> **Requirement**:
In the records below, find the line containing "Jack & Jones jeans", then copy that line and all lines after it, exactly, omitting every picture.
--- START ---
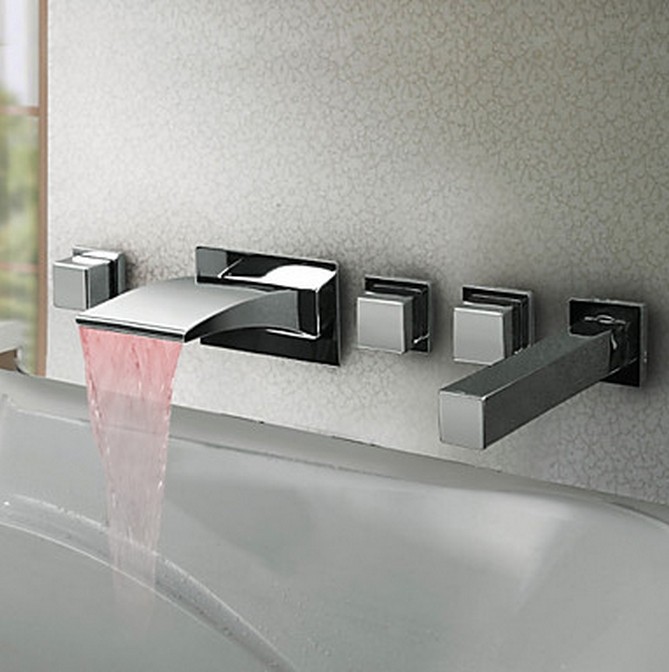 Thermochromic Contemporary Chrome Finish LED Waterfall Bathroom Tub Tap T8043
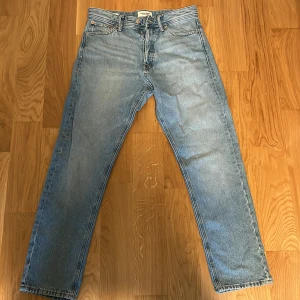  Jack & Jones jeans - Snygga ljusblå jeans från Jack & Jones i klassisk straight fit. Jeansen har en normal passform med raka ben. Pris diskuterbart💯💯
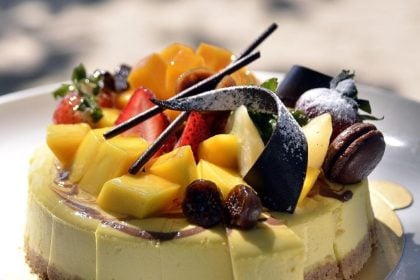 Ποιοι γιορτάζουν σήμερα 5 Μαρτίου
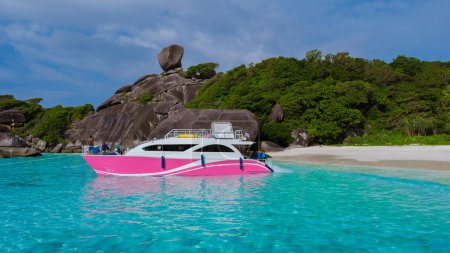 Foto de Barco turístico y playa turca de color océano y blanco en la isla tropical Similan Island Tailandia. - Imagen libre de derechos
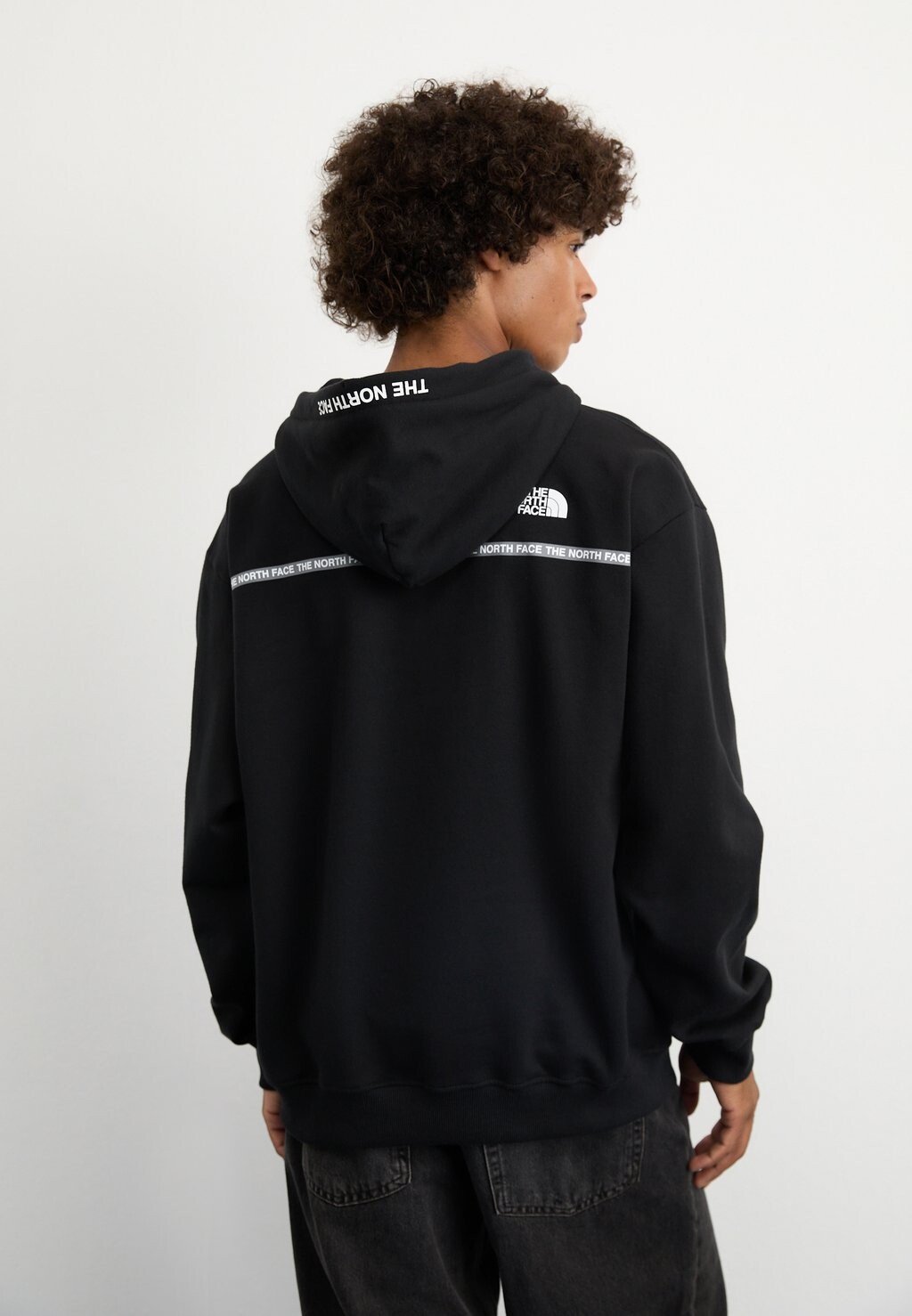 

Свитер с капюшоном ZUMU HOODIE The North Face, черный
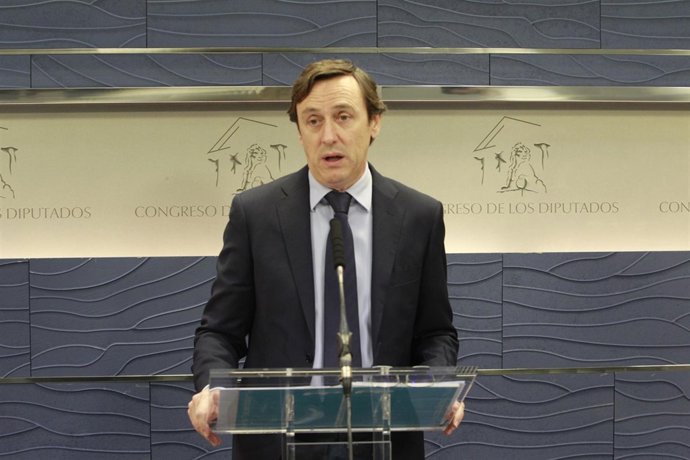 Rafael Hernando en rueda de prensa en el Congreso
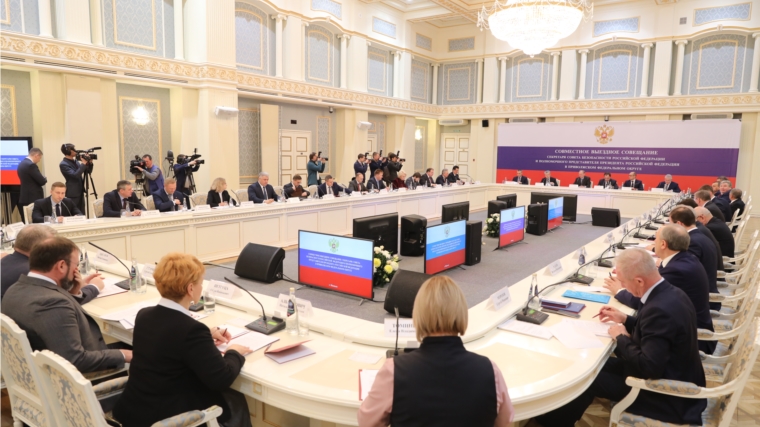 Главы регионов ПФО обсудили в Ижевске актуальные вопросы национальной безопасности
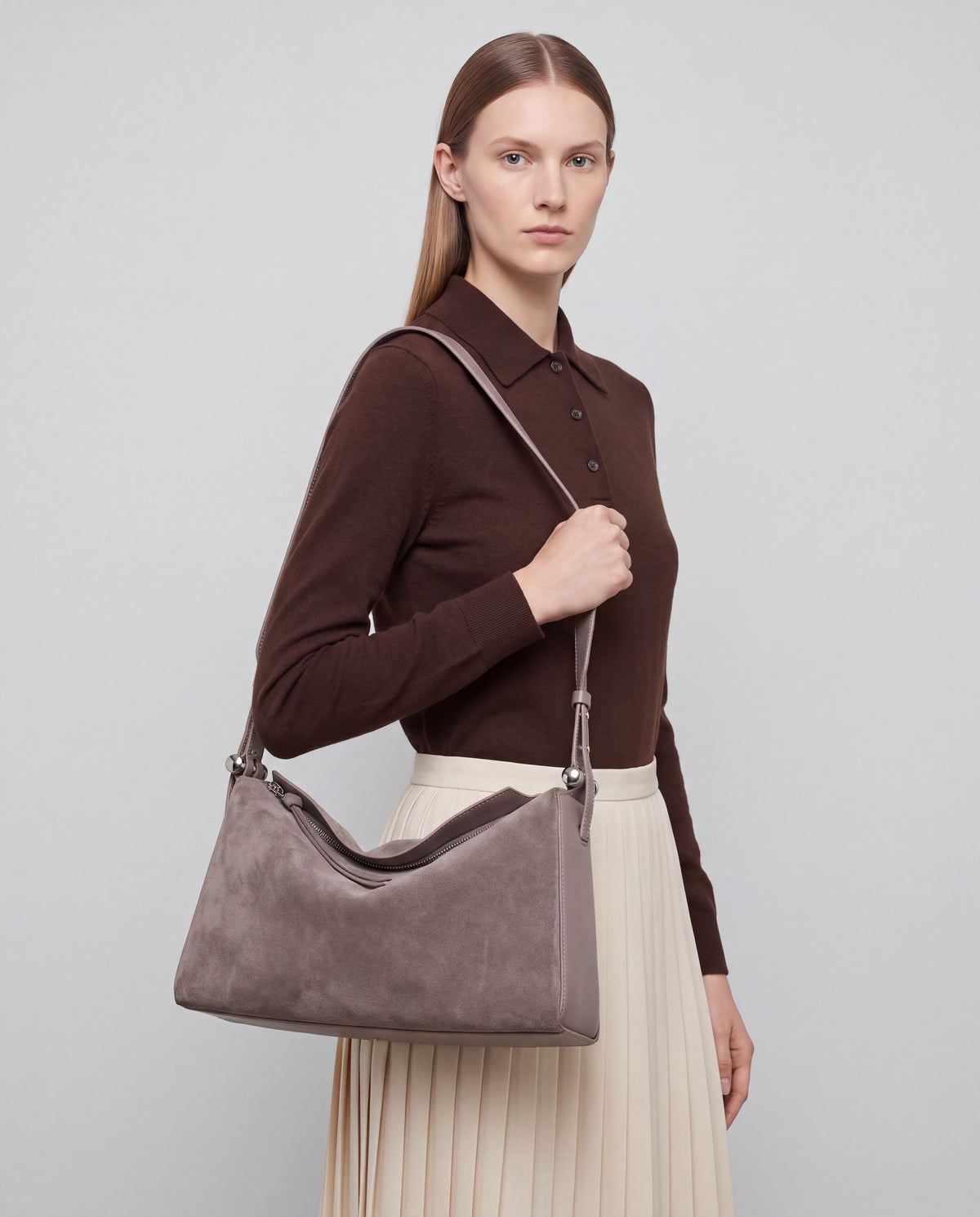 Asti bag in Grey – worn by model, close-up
--- END ---
> **Output**:
  Jack & Jones jeans - Snygga ljusblå jeans från Jack & Jones i klassisk straight fit. Jeansen har en normal passform med raka ben. Pris diskuterbart💯💯
 Ποιοι γιορτάζουν σήμερα 5 Μαρτίου
 Foto de Barco turístico y playa turca de color océano y blanco en la isla tropical Similan Island Tailandia. - Imagen libre de derechos

Свитер с капюшоном ZUMU HOODIE The North Face, черный
 Rafael Hernando en rueda de prensa en el Congreso
 Главы регионов ПФО обсудили в Ижевске актуальные вопросы национальной безопасности
 Asti bag in Grey – worn by model, close-up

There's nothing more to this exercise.